IND vs ENG, 5th T20I: Abhishek Sharma’s blitzkrieg helps India blow England away
The series was in the bag. A boisterous crowd at the Wankhede Stadium was behind the team’s back. It perhaps resulted in a fitting trigger for Abhishek Sharma who single-handedly blew England away with a blitzkrieg that shattered a plethora of records and set a crushing defeat to help India end the T20I season on a perfect note.
Riding on Abhishek’s 135 (54b, 7×4, 13×6) – India’s highest individual T20i score – the Men in Blue piled on 247 for nine after being inserted. As it happens in most hunts of a gargantuan target, England wilted under the pressure to be bowled out for a paltry 97 in the 11th over to hand India a 150-run win. The victory meant Suryakumar Yadav laid his hands on the trophy, with the series ending 4-1 in the host’s favour.
It was an Abhishek show all through the first half, after he and Sanju Samson walked out to open the innings. While Samson set the tone by clearing deep square off the first ball of the match, Abhishek – by his standards – took his time. Soon after Samson holed out to the same position in the next over, for the fifth consecutive occasion, Abhishek charged down the wicket for his first boundary in the third over.
Since then, until he perished towards the end of the innings, Abhishek’s onslaught made England fielders remain mere spectators. When he hit it through the gap, it sped to the fence. But more often than not, he was in a mood to display his range-hitting skills. He managed to clear the rope a whopping 13 times – the most by an Indian in a T20I – four of them coming in the fifth over off Jamie Overton.
That over meant India raced to 95 for one in the PowerPlay, its highest in the first six-over passage of a T20I match. Abhishek himself had become India’s second-fastest half-centurion by then, blowing a kiss while celebrating his 17-ball fifty.
So taken aback was the England bowling attack with his onslaught that it had nothing to resort to. When they bowled in his arc, Abhishek swung the pacers and leggie Adil Rashid alike out of the park. When they bowled it short, he pulled it in a flash. But his trademark lofted drive above the bowler’s head took the case as one of them almost crashed onto the commentary box glass. The best of the lot was a lofted cover drive off Brydon Carse – whose pace variations gave him wickets – that sailed over the covers fence in the ninth over.

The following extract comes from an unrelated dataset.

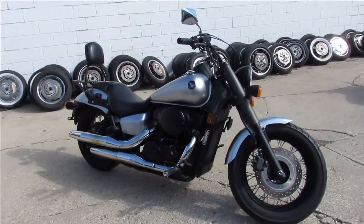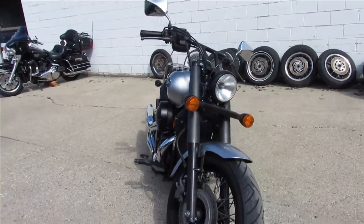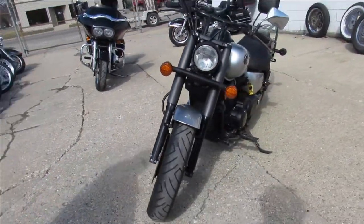Hey guys, ApprovalPowerSports.com here doing some videos on some cruisers. If you're looking for a bike, give us a call fast — they're going quick. Over 350 pre-owned bikes right now.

Even though he kept on losing partners at the other end, by the time the mandatory time-out was called after 10 overs, Abhishek was one run shy of becoming India’s second-fastest centurion and India was 143 for two. Abhishek tapped one on the off-side for a rare single to acknowledge a standing ovation.

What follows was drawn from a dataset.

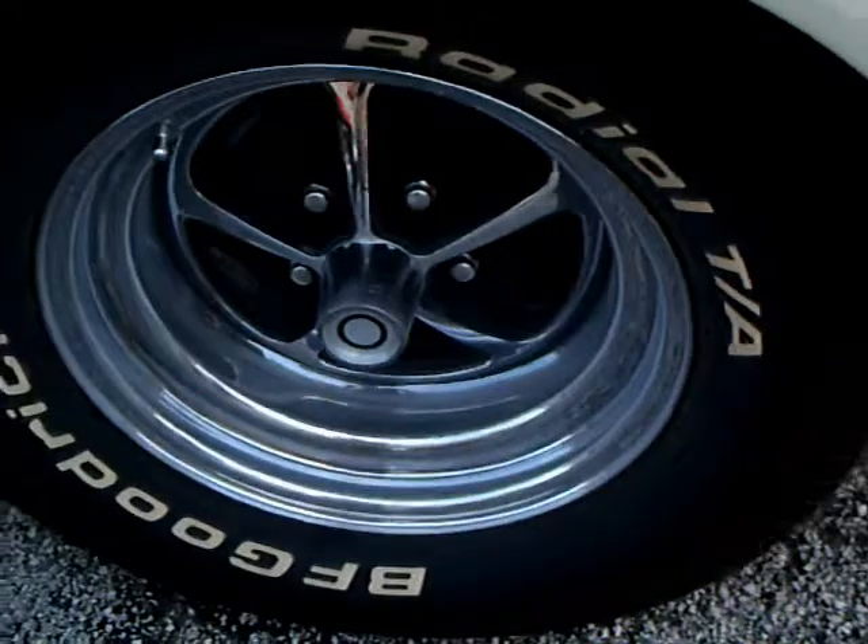That was the first year for headrests — I remember, I had a '68 Coronet.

Shivam Dube then played a cameo as India ensured that the latter half was a mere formality. It turned out to be the same as India finished the game off in the 11th over. Barring Phil Salt – who scored an impressive fifty – only Jacob Bethell managed to get into double-digits. Except for Hardik Pandya, all the other Indian bowlers entered the wickets column.
Dhruv Jurel kept wickets in place of Samson, who injured his finger while missing a short-ball by Archer in the first over. And the keeper took three catches, including one down the leg off Mark Wood’s inside edge to hand Mohammed Shami his third wicket.